Utilities signed a 25-year, $593 million lease in 2022 for Charlottesville, Virginia-based Ting to provide service from the Springs Utilities infrastructure to residential and commercial customers, and the network will have additional capacity for other service providers, LeBarre says.

Construction is underway in the Austin Bluffs and Woodmen areas and is scheduled to begin soon in the Rockrimmon and Cragmor areas, he says. Pacific, Missouri-based ADB Companies is the prime contractor.

Colorado Springs Utilities was targeting 2028 for completing the 2,000-mile network, but LaBarre says completion likely will take longer because of recent delays and changes to the construction team.

Although “CSU has the right to install the infrastructure in the right-of-way or easements CSU has access to, some of the communication [in affected areas] has been lacking, in some of our early work, and there was a lot of confusion around that,” LaBarre says. “We’re making changes to make sure we have that communication shored up.”

Ting is offering two-gigabit-per-second service to homes at $89 per month and basic business service at $139 per month. Deb Walker, Ting’s regional community engagement and public affairs manager, says Ting does not publicly release the number of customers it has but at the end of the second quarter, “we had just shy of 9,000 addresses that we could serve.”
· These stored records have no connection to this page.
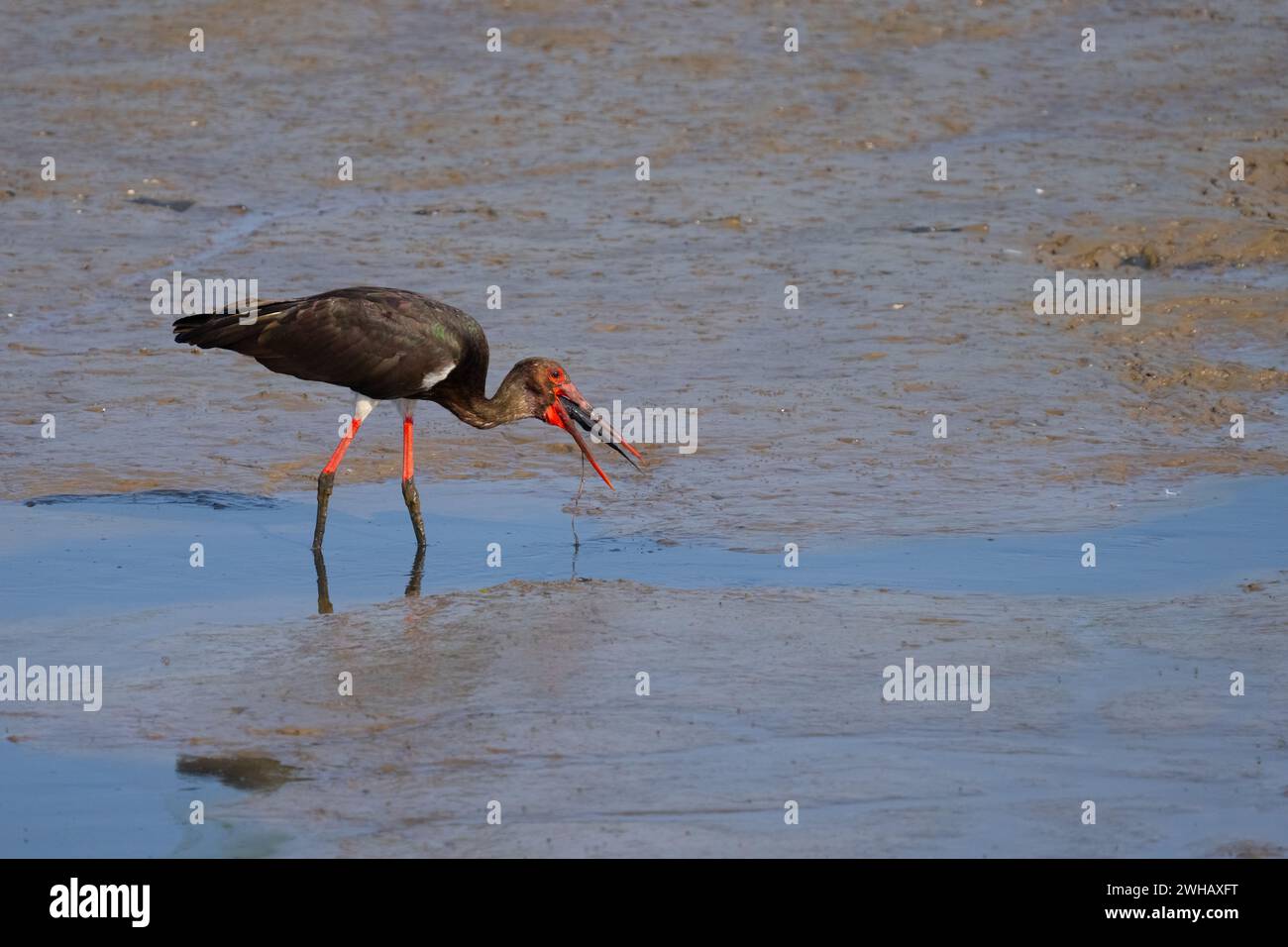 black stork (Ciconia nigra) swallowing a fish Photographed in Israel This wader inhabits wetland areas, feeding on fish, small animals and insects. A Stock Photo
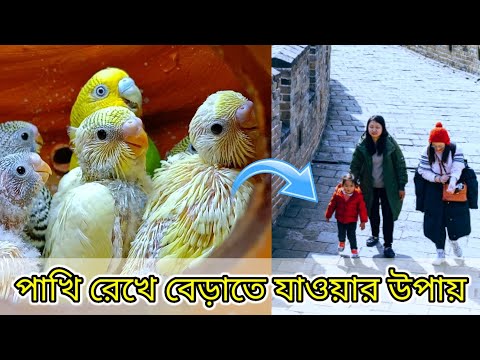 ভিডিও: খরগোশের বিশ্বাস অর্জনের 3 উপায়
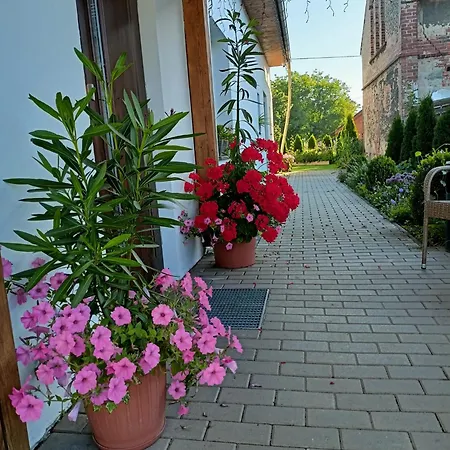 Pod Debami Bed & Breakfast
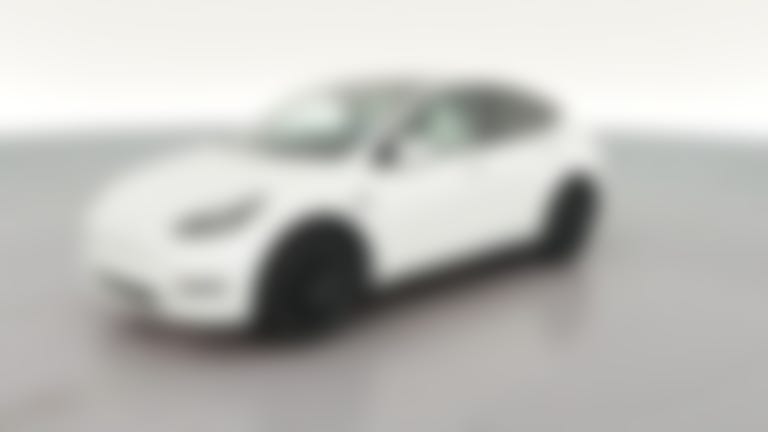 2023 Tesla Model Y vehicle photo
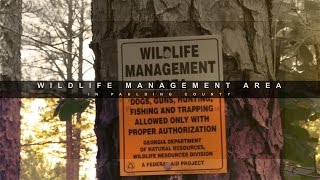 Learn About Paulding County's Wildlife Management Area
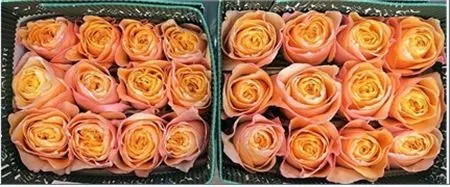 Rosa Gr Ec King's Cross 60 cm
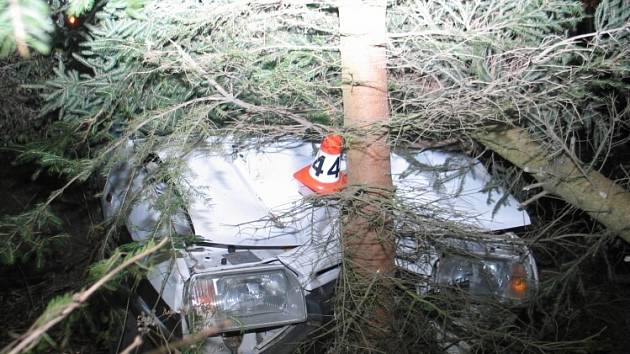 Náraz byl tak silný, že jeden strom auto přerazilo a druhý vyvrátilo. 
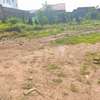 Prime 50 by 60 ft Plot For Sale In Murera, Ruiru. thumb 0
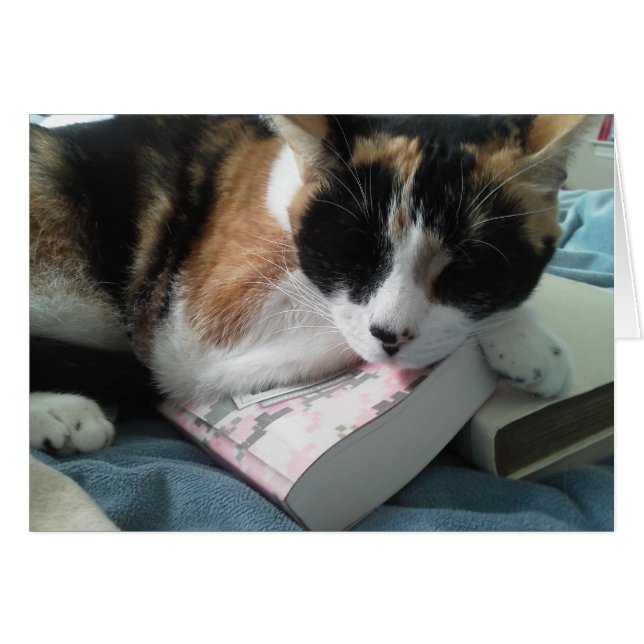 Cartão cochilo (Frente horizontal)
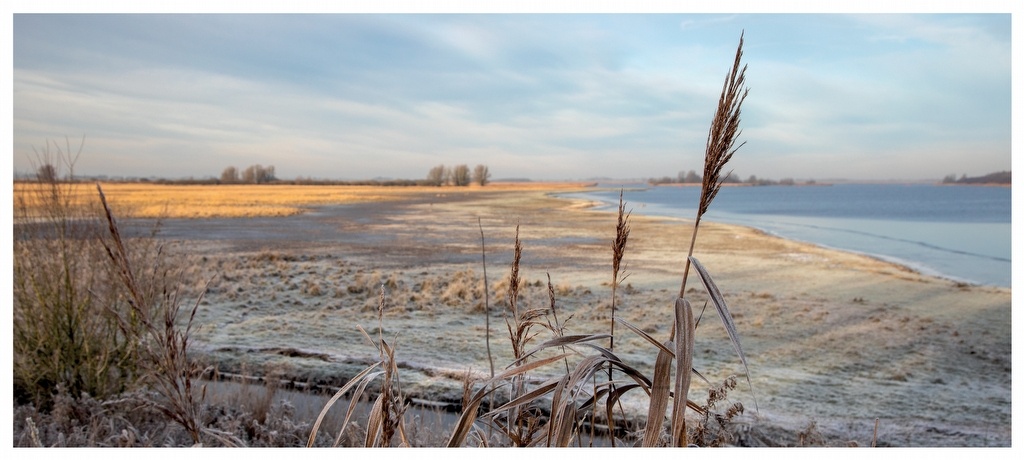 Vogelparadijs Lauwersmeer - Vogels kijken in een uniek Nederlands natuurgebied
  • Mountain View Electric is spending $190 million to build a 5,800-mile fiber-optic network to serve its more than 50,000 members with service available to about 10,000 households in the Falcon and Limon areas, despite initial construction delays, according to a story in the co-op’s customer magazine. Another 8,000 households in parts of the Black Forest area are expected to have service available by year’s end with construction following in Calhan. Mountain View has received three state grants totaling $2.72 million to build the network in rural areas.
  • Elsewhere in the Colorado Springs area, Stratus IQ provides fiber-optic internet service in parts of Colorado Springs and El Paso County and will offer service over Underline’s network. Force Broadband, a local company, has been providing fiber internet service in Monument for several years. Fiber-optic cable was laid along several blocks of Manitou Avenue during an infrastructure improvement project, but it has remained untapped.
  • Both T-Mobile and Verizon offer home internet service over their wireless networks, but at speeds of up to 250-300 megabits per second. T-Mobile says in a statement that it is too early to determine whether the company will continue to offer the service locally after it acquires Metronet.